平成6年2月 和歌山県議会定例会会議録 第3号(富田 豊議員の質疑及び一般質問)


県議会の活動

平成六年三月十日(木曜日)

 午後一時五分再開
○副議長(町田 亘君) 休憩前に引き続き、会議を開きます。
○副議長(町田 亘君) 質疑及び一般質問を続行いたします。
 14番富田 豊君。
 〔富田 豊君、登壇〕(拍手)
○富田 豊君 関西国際空港に関連して昨日からも多くの議員から質問がありましたが、その問題点を一点に絞り、提言を交えて質問をいたしてまいりたいと存じます。
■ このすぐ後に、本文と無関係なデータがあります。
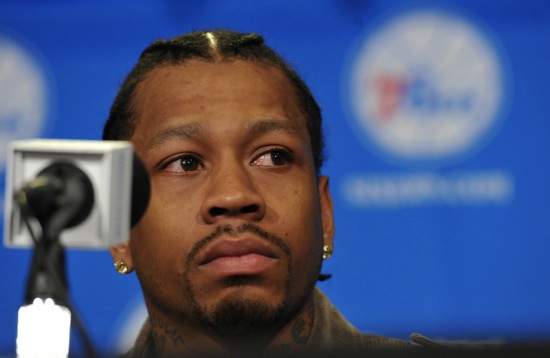 Allen Iverson Crying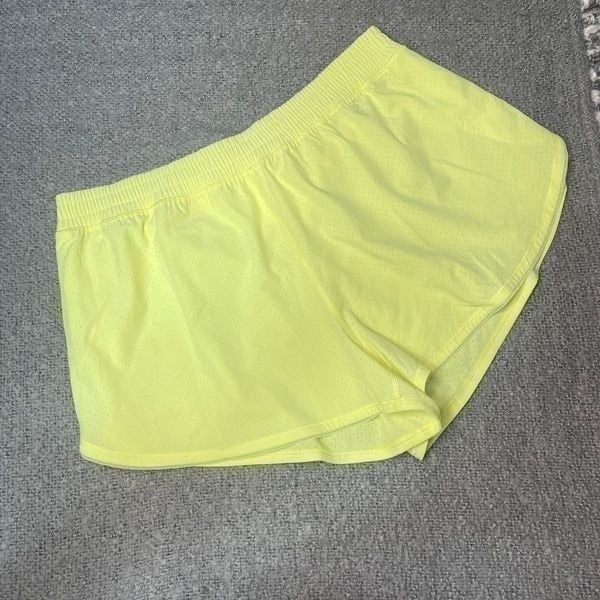 Lululemon Surefire Short High Rise Swift Shorts Florid Flash 12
 今、多くの政治家が口を開けば、関西国際空港を契機として和歌山県が一大飛躍し浮揚していくのだ、そして活性化してくるのだと、しばしば演説やあいさつの中で県民の期待を呼びかけてきているのも事実でありますが、その現況は一体どうなのか、果たしてこのような大きな期待を持たしながら本当に世界に開かれた関西国際空港の立地なのか、和歌山県にとってどれだけのメリットがあるのか、その見通しについて危惧の念を抱かないわけにはまいらないと思うのであります。県民に与えてきた未来像、そしてその期待感にはどんなものがあったのだろうか。県民の期待にこたえるべく、県行政も県議会も一体となって取り組んでいかなければならんのは当然のことであります。
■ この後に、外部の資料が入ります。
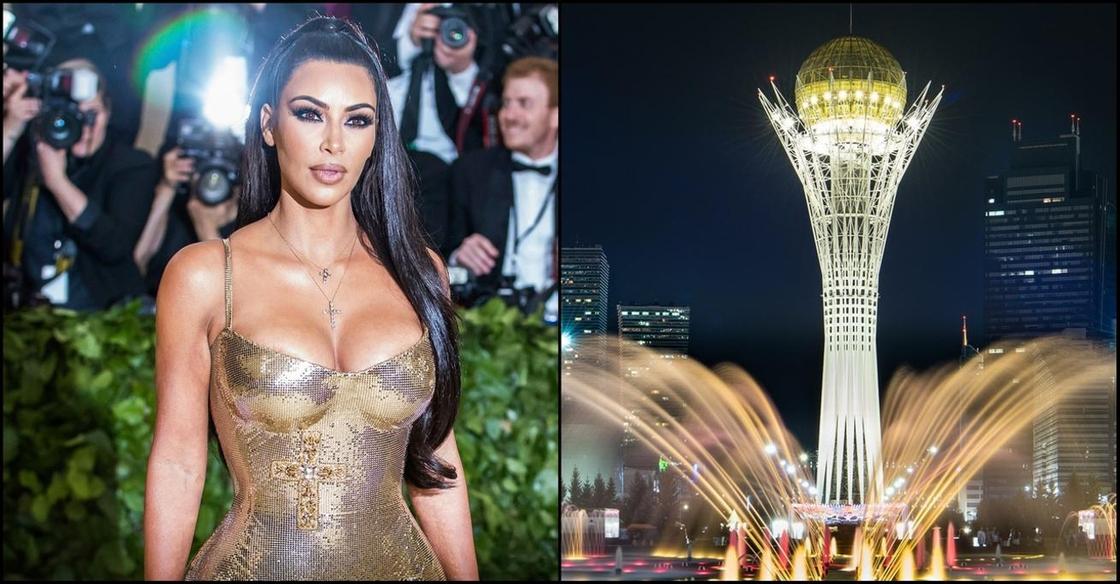 СМИ: Ким Кардашьян приедет на частную вечеринку в Нур-Султан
 そこで、県民の期待感にはどんなものがあったのだろうか、幾つかを挙げてみることにいたしました。
 まずその一点目は、和歌山県から海外へ出入国する旅客が近くになったという利便性、また国外への貨物輸出入に対する流通の利便性、すなわち国際線、国内線を利用するのに近距離であるという簡便さに対するところの期待感が挙げられるのであります。
 二点目は、関西国際空港が設置されれば大手企業や関連会社等の進出により活性化されてくることの中で雇用が拡大されていくのではなかろうかと、距離的に通勤が可能な本県としては就職難の解消にもつながるであろうという期待感であります。
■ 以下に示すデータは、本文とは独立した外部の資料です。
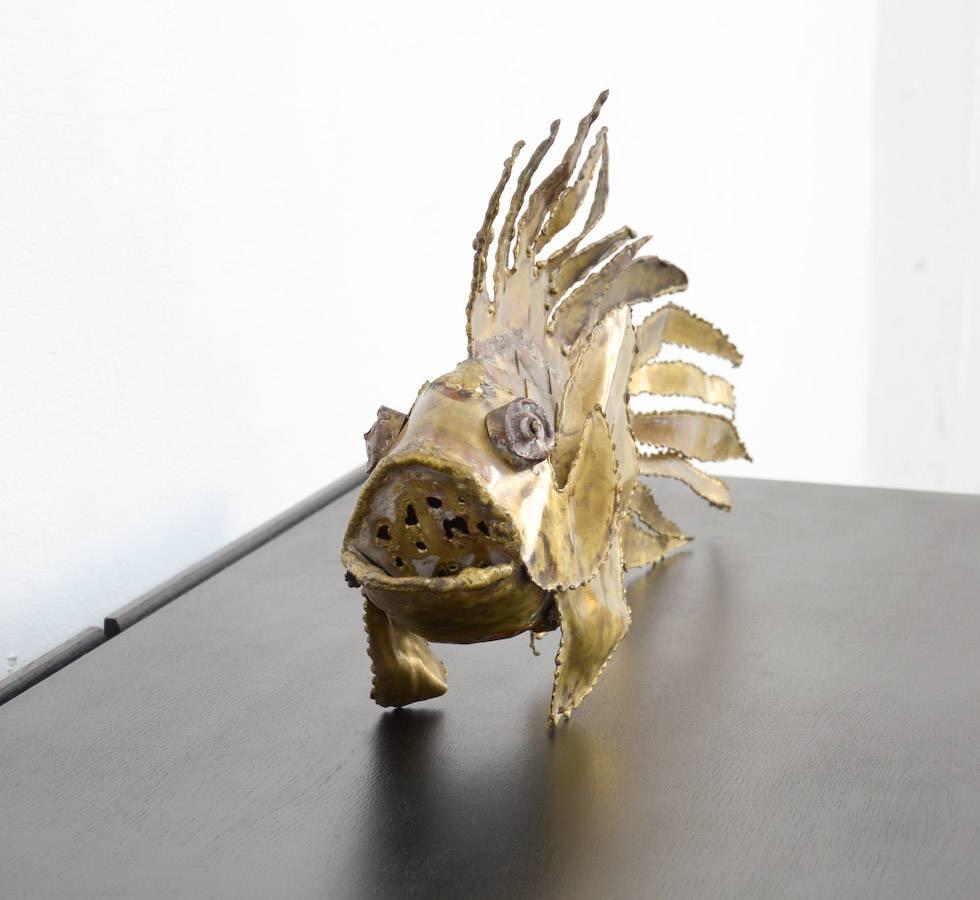 Brutalist Daniel Dhaseleer Fish Sculpture of the 1970s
 三点目は、関西国際空港立地に欠かせないのが機内食センターであり、その需要もさることながら、人口増大に伴って必要とされるであろう農水産物、生鮮食料品、さらには県内物産等の需要が拡大されるので隣接県として本県の供給資源が望まれるであろう、それがゆえに本県の産業が活性化されていくのではなかろうかという期待感であります。
 四点目は、アクセス道路を初め高速道路や幹線道路が整備されて快適な交通網体系ともなれば生活環境もよくなるであろうし、また企業誘致にも一段と拍車がかかるであろうという期待感であります。
 五点目は、年間十六万回の発着便数ということで、毎日何万人という外国からの旅客がおりてくる中で和歌山県にどれだけの人が誘致されるかは未知数ではありましょうが、観光資源の多い本県にとって観光業界の活気を一段と高めるであろうし、土産品や県物産の購買力についても増大をされ、さらには宿泊客の誘致にも期待が持てるであろうと、多種多様な期待感を持っているのであります。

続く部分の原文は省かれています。